Mason started playing Game of War on her cell phone in early 2014. After using her complimentary spin of the virtual wheel, Mason began purchasing virtual gold in order to obtain more chips to continue spinning the wheel to earn prizes. Between early 2014 and January 2015, Mason spent over $100 to participate in the casino.

Mason filed a class action in the District of Maryland under Maryland’s Loss Recovery Statute. She alleged that she lost money playing an unlawful “game device” and sought “full disgorgement and restitution of any money [Machine Zone] has won” from Mason and similarly situated Maryland residents. The district court determined that Mason failed to state a claim under the Loss Recovery Statute because “she did not lose money” in the virtual casino – and thus, the court dismissed Mason’s complaint.

Plaintiff-Appellant’s Claim Under Maryland’s Loss Recovery Statute

Mason argues that the district court erred in dismissing her class action under FRCP Rule 12(b)(6) because she lost money while playing in the virtual casino – which she claims is an unlawful “game device” under the Loss Recovery Statute.

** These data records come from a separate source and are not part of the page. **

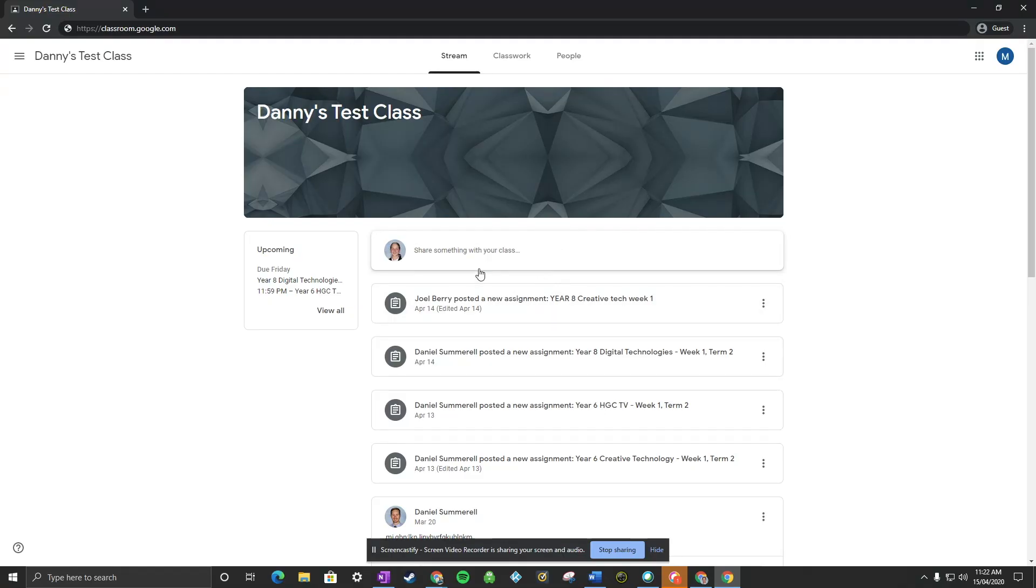Once you're in the Google Classroom and you can see your stream, I'm in the students view right now. This is just a test class that I've set up.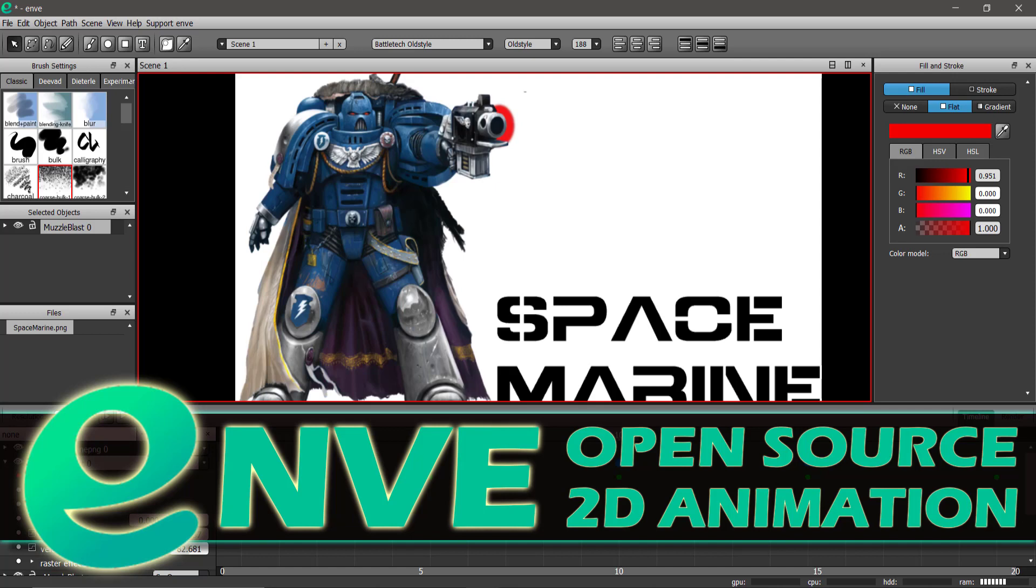Hello ladies and gentlemen, it's Mike here at Game From Scratch, and today we are talking about Enve. Not the sin, nope, we are talking about a new open source 2D animation software released kind of the end of last year.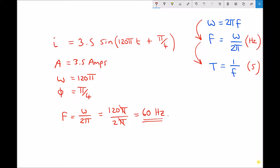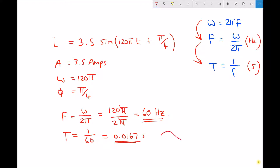We can also calculate our periodic time — the time for one cycle. That is going to be 1 over 60, or 0.0167 seconds. So every 0.0167 seconds we get a complete cycle of our waveform.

The Fourth Circuit reviewed the district court’s dismissal de novo, accepting Mason’s well-plead allegation as true and drawing all reasonable inferences in her favor.

Maryland’s Loss Recovery Statute states “a person who loses money at a [prohibited] gaming device…may recover the money as if it were a common debt.” The statute defines gaming device as “a game or device which money or any other thing or consideration of value is bet, wagered, or gambled,” and includes a “wheel of fortune.” Pursuant to the Maryland state case, F.A.C.E. Trading, Inc. v. Todd, the Fourth Circuit was required to interpret Maryland’s gambling statutes in a manner that “gives validity not only to the word, but to the spirit of the law. For the purposes of this appeal, the Fourth Circuit assumed that the virtual casino was a prohibited “gaming device” and agreed with the district court that Mason did not lose any money when spinning the wheel in the virtual casino. Therefore, she failed to satisfy a required element for stating a claim under the Loss Recovery Statute.

In deciding whether the loss of virtual money fell under the Loss Recovery Statute, the Fourth Circuit looked to Cates v. State, a Maryland case which noted that the predecessor to the Loss Recovery Statute encompassed a public policy “not to help one who loses at gambling, but to discourage illegal gambling by putting the winner on notice that the courts will force him to disgorge his winnings.” In the case of Game of War, Machine Zone did not “win” any money. Rather, Mason participated in the virtual casino by “spinning” the virtual wheel where no money was at stake – only virtual prizes and chips. Thus, Mason could not have lost or won money as a result of her participation in the virtual activity. Moreover, the Fourth Circuit determined that the fact that Mason could sell her account on “secondary markets” was irrelevant – as the entire account would be sold, not just the virtual prizes or chips.  Thus, the Fourth Circuit rejected Mason’s contention that the existence of a secondary market showed that she lost money as a result of her participation in Game of War’s virtual casino.

 Disposition

 Accordingly, the Fourth Circuit affirmed the district court’s conclusion that Mason did not “lose money” within the meaning of the Loss Recovery Statute as a result of her participation in the Game of War casino.

DSC03525-B

By Paige Topper

On December 23, 2015, in the civil case of Calderon v. GEICO General Insurance Co., a published opinion, the Fourth Circuit affirmed a district court’s decision classifying the employee position of Investigator in an insurance company as non-exempt from the Fair Labor Standards Act’s (“FLSA”) provision regarding overtime pay.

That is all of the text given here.